OverflowError when scanning certain HF repos
csmizzle opened this issue · 4 comments
Describe the bug
When using the modelscan -hf
cmd from the cli, response.read() in /modelscan/tools/utils.py
throws a OverFlowError. Simple fix here would be to catch and read the file in chunks.
something like
...
return response.read()
except OverflowError:
chunk = 16 * 1024
file_size = response.length
data = bytearray()
while len(data) != file_size:
chunk = response.read(chunk)
if not chunk:
break
data.extend(chunk)
return bytes(data)
...
To Reproduce
Steps to reproduce the behavior:
- Use arguments '-hf'
- With model 'stabilityai/stable-diffusion-xl-base-1.0'
- See error
(modelscan-py3.9) ➜ modelscan git:(main) modelscan -hf stabilityai/stable-diffusion-xl-base-1.0
Exception: signed integer is greater than maximum
Traceback (most recent call last):
File "/Users/csmizzle/Desktop/werk/modelscan/modelscan/cli.py", line 72, in cli
modelscan.scan_huggingface_model(huggingface)
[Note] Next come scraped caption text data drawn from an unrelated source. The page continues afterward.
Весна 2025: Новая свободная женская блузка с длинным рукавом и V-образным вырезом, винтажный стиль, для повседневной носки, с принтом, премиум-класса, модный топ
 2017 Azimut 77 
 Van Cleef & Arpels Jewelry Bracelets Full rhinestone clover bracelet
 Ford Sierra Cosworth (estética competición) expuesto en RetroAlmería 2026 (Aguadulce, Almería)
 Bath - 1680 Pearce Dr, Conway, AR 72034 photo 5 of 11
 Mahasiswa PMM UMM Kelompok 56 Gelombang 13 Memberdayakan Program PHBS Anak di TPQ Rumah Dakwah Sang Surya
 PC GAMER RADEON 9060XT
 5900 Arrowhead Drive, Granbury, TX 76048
File "/Users/csmizzle/Desktop/werk/modelscan/modelscan/modelscan.py", line 76, in scan_huggingface_model
data = io.BytesIO(_http_get(url))
File "/Users/csmizzle/Desktop/werk/modelscan/modelscan/tools/utils.py", line 110, in _http_get
return _http_get(response.headers["Location"])
File "/Users/csmizzle/Desktop/werk/modelscan/modelscan/tools/utils.py", line 115, in _http_get
return response.read()
File "/Library/Developer/CommandLineTools/Library/Frameworks/Python3.framework/Versions/3.9/lib/python3.9/http/client.py", line 472, in read
s = self._safe_read(self.length)
File "/Library/Developer/CommandLineTools/Library/Frameworks/Python3.framework/Versions/3.9/lib/python3.9/http/client.py", line 613, in _safe_read
data = self.fp.read(amt)
File "/Library/Developer/CommandLineTools/Library/Frameworks/Python3.framework/Versions/3.9/lib/python3.9/socket.py", line 704, in readinto
return self._sock.recv_into(b)
File "/Library/Developer/CommandLineTools/Library/Frameworks/Python3.framework/Versions/3.9/lib/python3.9/ssl.py", line 1241, in recv_into
return self.read(nbytes, buffer)
File "/Library/Developer/CommandLineTools/Library/Frameworks/Python3.framework/Versions/3.9/lib/python3.9/ssl.py", line 1099, in read
return self._sslobj.read(len, buffer)
OverflowError: signed integer is greater than maximum
Expected behavior
Stream large file using a chunking technique
Environment (please complete the following information):
- mac OS 13.4.1 (22F82)
- Modelscan Version 0.0.0
happy to take this on.
Above fix leads to this. Magic number check is failing for pytorch models. Working with other scans. Will continue to test.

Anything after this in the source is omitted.